Task to carry out: Word-for-word repetition of the records below is needed, but only from the line holding "ORGASMMAX for Men" through the final line, with pictures excluded.

Data in this exercise:
((
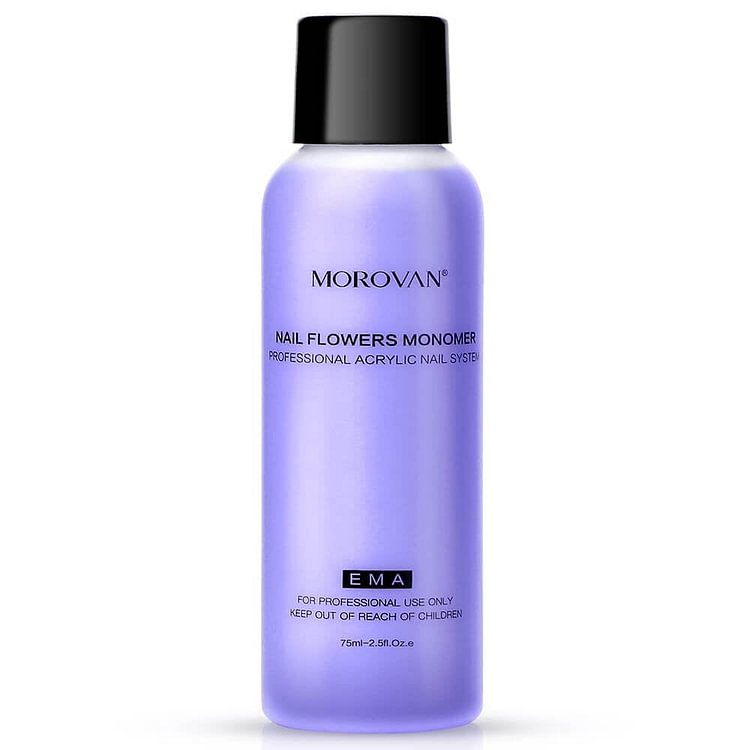 Morovan Acrylic Liquid Monomer MJ346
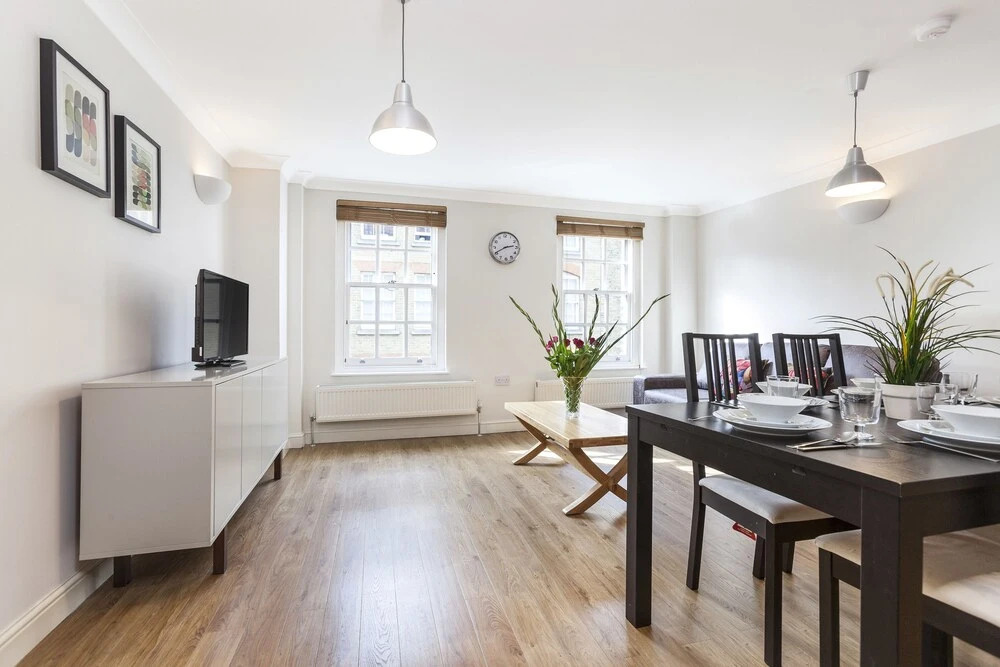 Club Living - Shoreditch & Spitalfields Apartments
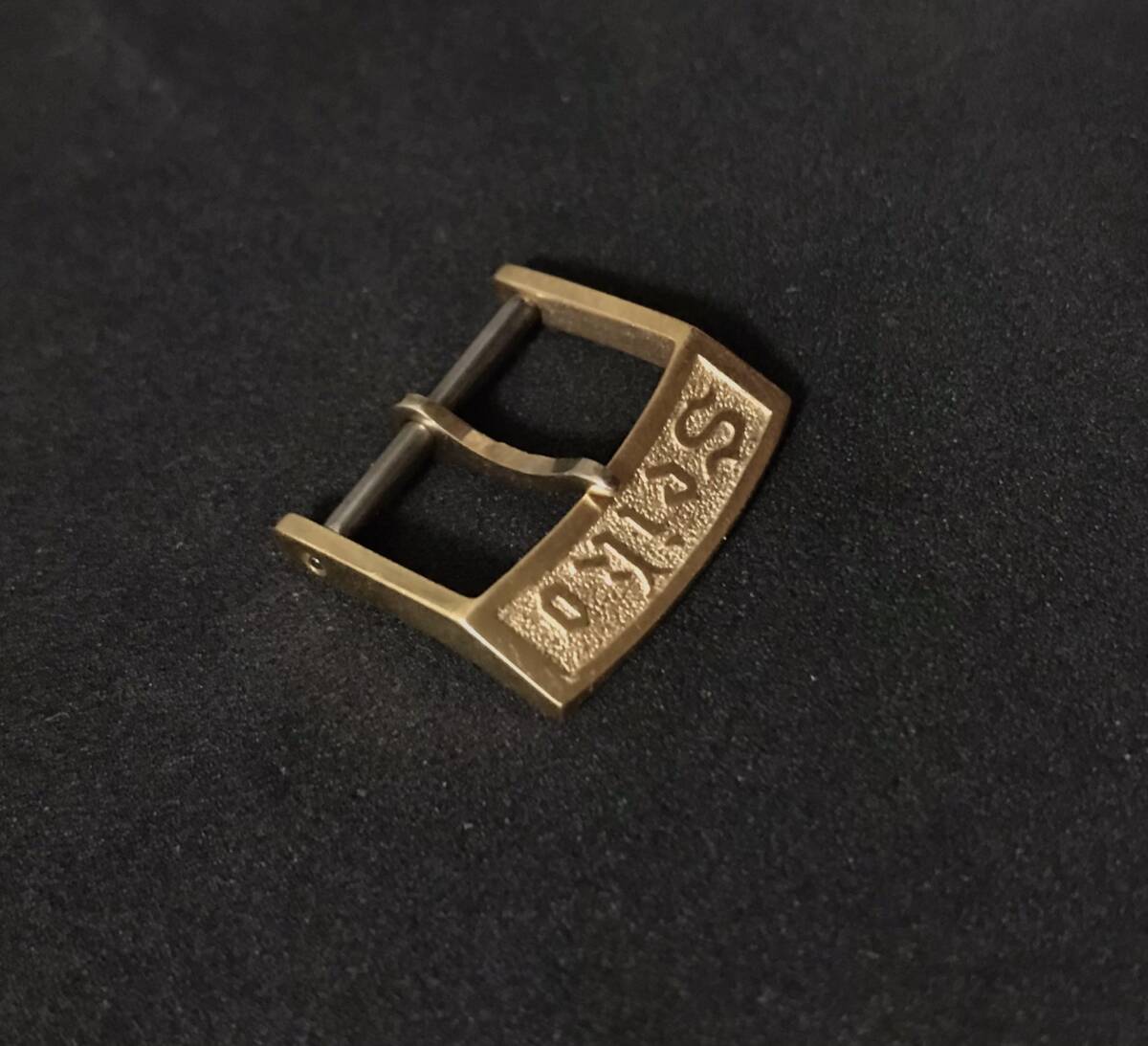 Yahoo!オークション -「セイコー 尾錠 15mm」(ブランド腕時計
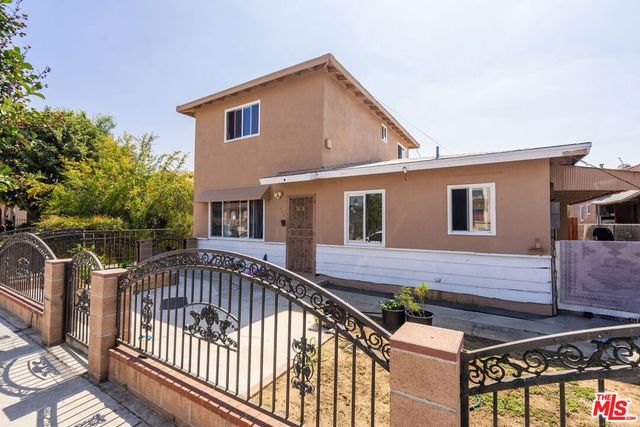 752 Harding Avenue, Los Angeles, CA 90022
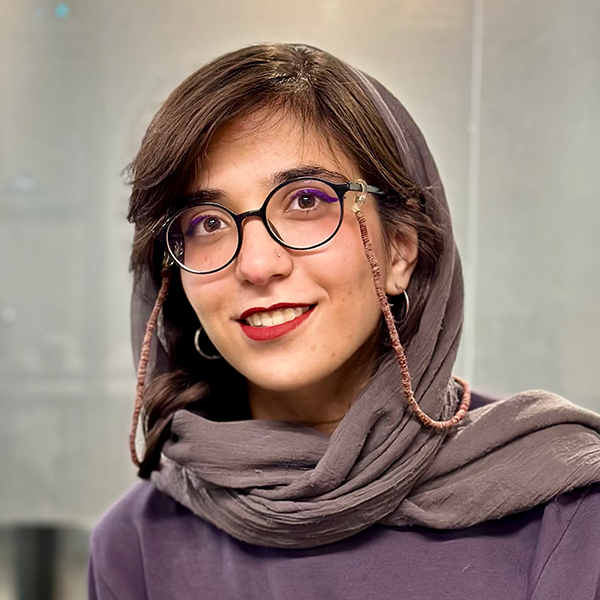 زهرا خوب‌بخت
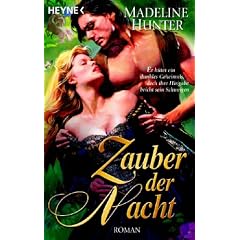 Zauber der Nacht.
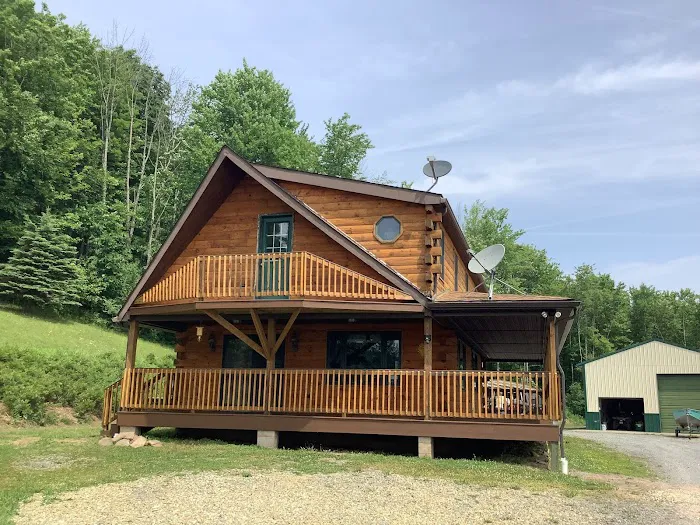 Log & Timber Solutions LLC Picture 2
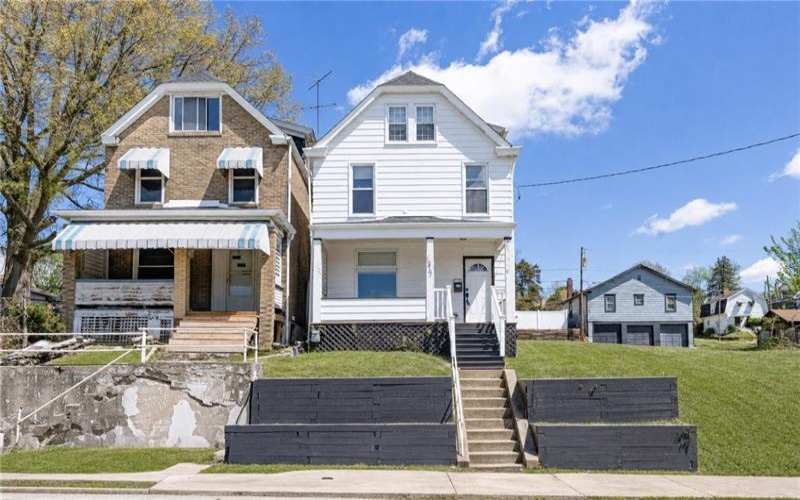 1312 Woodmont Avenue, New Kensington, 15068, 4 Bedrooms Bedrooms, ,1 BathroomBathrooms,Residential,For Sale,Woodmont Avenue,1762892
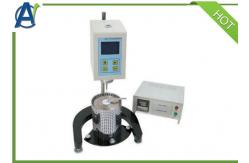 China Brookfield Viscometer Bitumen Viscosity Test Apparatus ASTM D4402 supplier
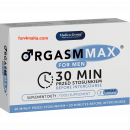 ORGASMMAX for Men
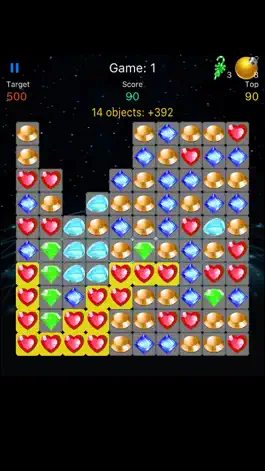 Game screenshot Diamond Noel hack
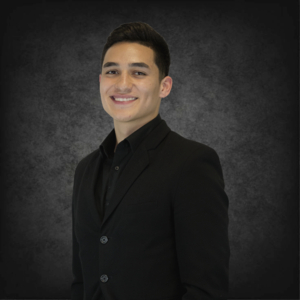Photo of Rudy Munoz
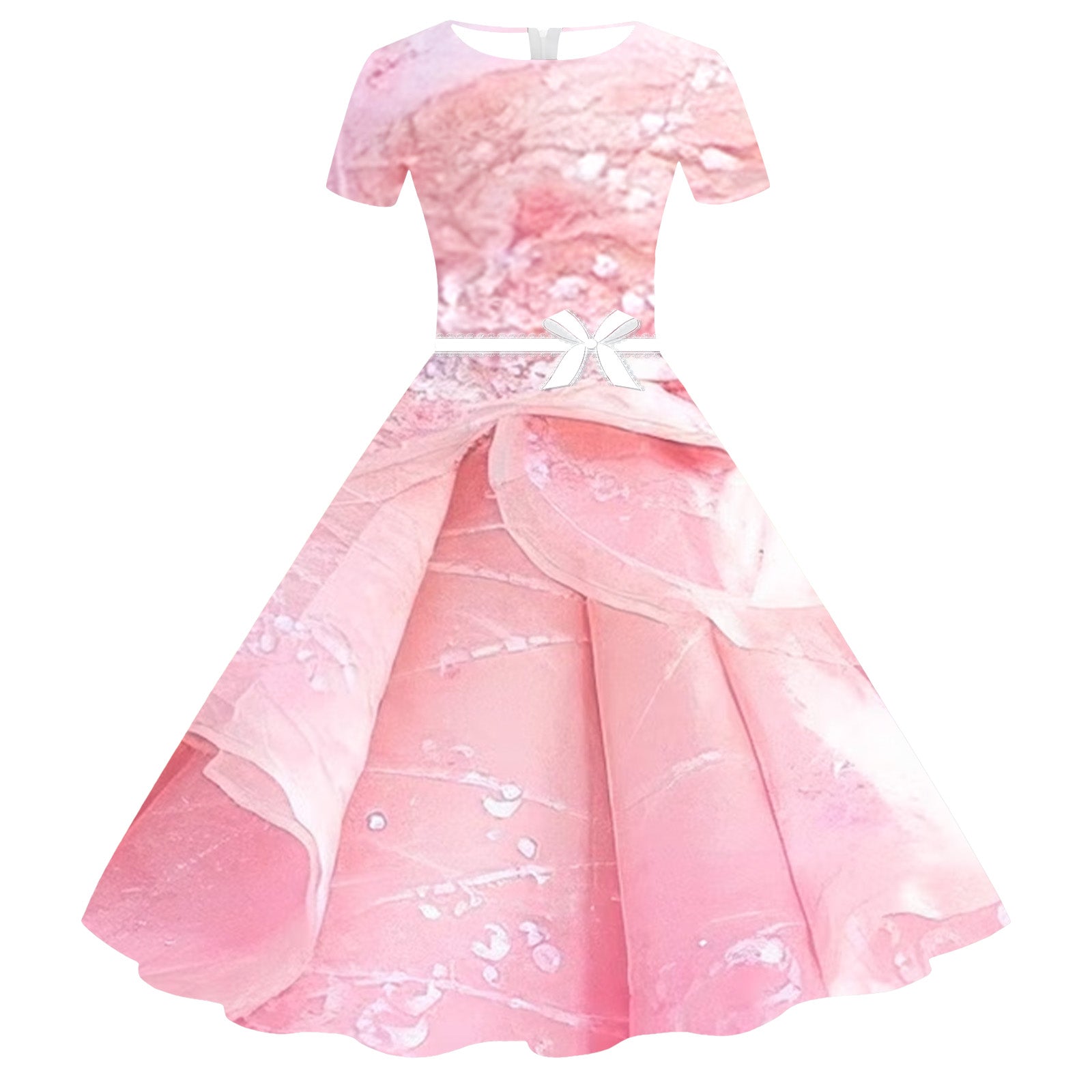 Adult Glinda Costume Pink Glinda Cosplay Dress Plus Size Party Hallowe Sun Baby Adult Glinda Costume Pink Glinda Cosplay Dress Plus Size Party Hallowe Sun Baby
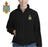 Delta Gamma Fleece Jacket Delta Gamma Fleece Jacket
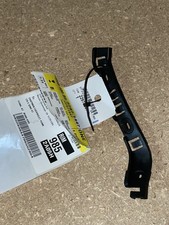 GM OEM 13-17 Acadia Limited Bumper Components-Mount Bracket 22971447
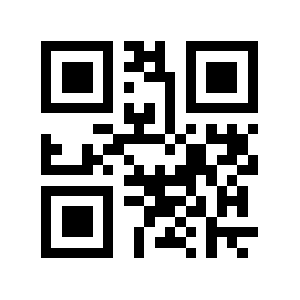 Btsx.ca QR code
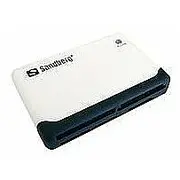 Sandberg Multi Card Reader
))
Solution to the problem:
 ORGASMMAX for Men
 Game screenshot Diamond Noel hack
Photo of Rudy Munoz
 Adult Glinda Costume Pink Glinda Cosplay Dress Plus Size Party Hallowe Sun Baby Adult Glinda Costume Pink Glinda Cosplay Dress Plus Size Party Hallowe Sun Baby
 Delta Gamma Fleece Jacket Delta Gamma Fleece Jacket
 GM OEM 13-17 Acadia Limited Bumper Components-Mount Bracket 22971447
 Btsx.ca QR code
 Sandberg Multi Card Reader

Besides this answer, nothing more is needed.